In Richmond, a Look at Yves Saint Laurent as the First Rock Star Designer

“Yves Saint Laurent was the first designer to act like a rock star,” said curator Florence Müller. She was introducing the traveling exhibition “Yves Saint Laurent: The Perfection of Style,” which opens in Richmond at the Virginia Museum of Fine Arts this weekend. The lanky designer didn’t just look the part, Müller explained, he acted it: his sensibilities being in complete accord with the times. Liberation, freedom, a certain naturalness, and a breakdown of barriers between art, fashion, and pop culture not only defined the ’60s, but Saint Laurent’s entire approach to design, too.

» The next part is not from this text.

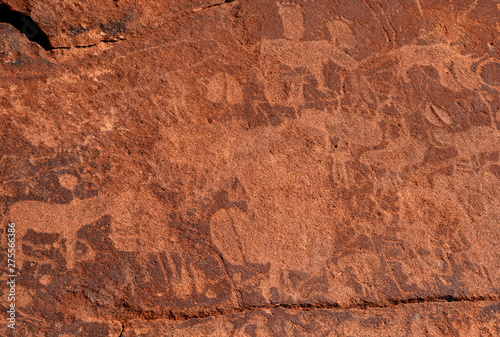 Petroglyphs in Twyfelfontein (Afrikaans: uncertain spring), officially known (Damara/Nama: jumping waterhole), is a site of ancient rock engravings in the Kunene Region of north-western Namibia. photo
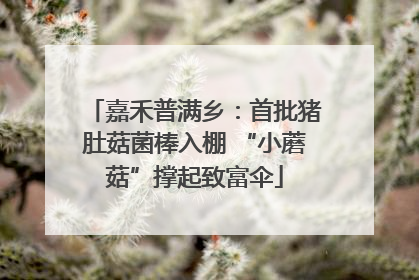 嘉禾普满乡：首批猪肚菇菌棒入棚 “小蘑菇”撑起致富伞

Born in Oran into a loving French family, Saint Laurent escaped from the bullying he received at school into an imaginary world informed by fashion magazines and art. He eventually made his way to Paris and to the house of Christian Dior, birthplace of the New Look and other body-morphing silhouettes. In hindsight, we can see that Saint Laurent was a disrupter from the start. In 1958, after the unexpected death of Dior and Saint Laurent’s appointment to succeed him, the 21-year-old presented his first collection for the house. The “Trapeze” line won him raves; it also freed the body from constraints and corsetry, which effectively, writes Müller, “launched the fashion of the 1960s.” Saint Laurent crossed a line when he interpreted, in crocodile and mink, the style of beatniks and bikers in his Fall 1960 couture collection. Such iconoclasm cost him his job. With Pierre Bergé, he opened his own house in 1962, and his innovations, from Le Smoking to separates, continue to influence designers today. Saint Laurent, says Müller, was “dressing women for everyday life,” perhaps an even greater challenge, she suggests, than making an impact with couture. That he was able to do both is gloriously illustrated in “Yves Saint Laurent: The Perfection of Style.”

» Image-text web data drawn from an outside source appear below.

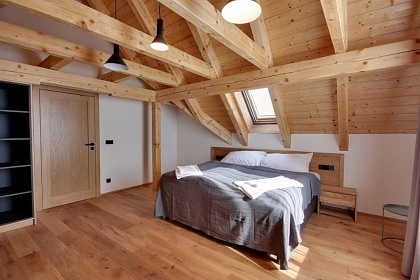 Roubenka s wellness - �ern� hora - Krkono�e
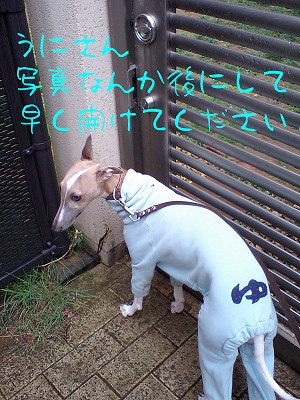07041902.jpg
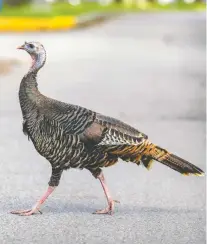  ?? JOHN MAHONEY ?? Wild turkeys don't fly very much but they're capable of walking long distances. And they can reproduce in large numbers.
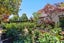 45 Rossall Street, Merivale, Christchurch - Carousel 31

The exhibition (which includes pieces on loan from Vogue’s International Editor at Large Hamish Bowles) tracks the designer’s development from childhood to retirement. There are sections on Saint Laurent’s sartorial play with gender and good taste, as well as his use of art references. The largest portion explores his evolution from darkness to an explosion of color, which grew, in part, from his discovery of a new way of life and sensuality in Marrakech, where he and Bergé would live part time from 1966. Adding depth to the display of beloved looks, such as the Mondrian, Proust, and tuxedo dresses, are previously inaccessible drawings, printed matter, and ephemera like paper dolls Saint Laurent made as a child. “I think he learned how to draw from the fashion magazines; for him, it was like the rehearsal of his life achievement,” explains Müller. “He was, first of all, a designer who knew how to make a drawing, which is quite rare today.”

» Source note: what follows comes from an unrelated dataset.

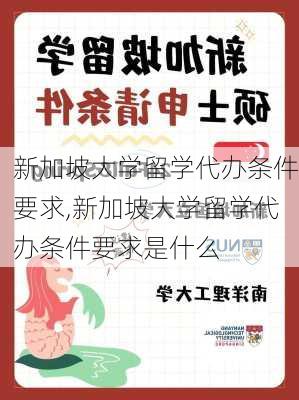 新加坡大学留学代办条件要求,新加坡大学留学代办条件要求是什么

Also rare was Saint Laurent’s sense of proportion and insistence on ease, even in formalwear. Loulou de la Falaise, a muse who worked alongside the designer, once told WWD while wearing a ball gown that “a dress like this is as comfortable as an old sweater.” Asked what surprised her when putting this exhibition together, Müller, who has curated several exhibitions on Saint Laurent, replied: “Every time the surprise is how easy [the clothes are], how you put the dress on and it fits the mannequin perfectly. For me, it’s really magical because the proportions are really perfect and everything is very light.” For Müller, one of the best outfits in the exhibition is a black silk jersey jumpsuit from the Spring 1975 collection, ordered by the designer’s main muse, Betty Catroux. “It’s easy to wear, it’s light, it fits the body perfectly, and there is nothing that you want to remove,” she says. Perfection in dress, in other words.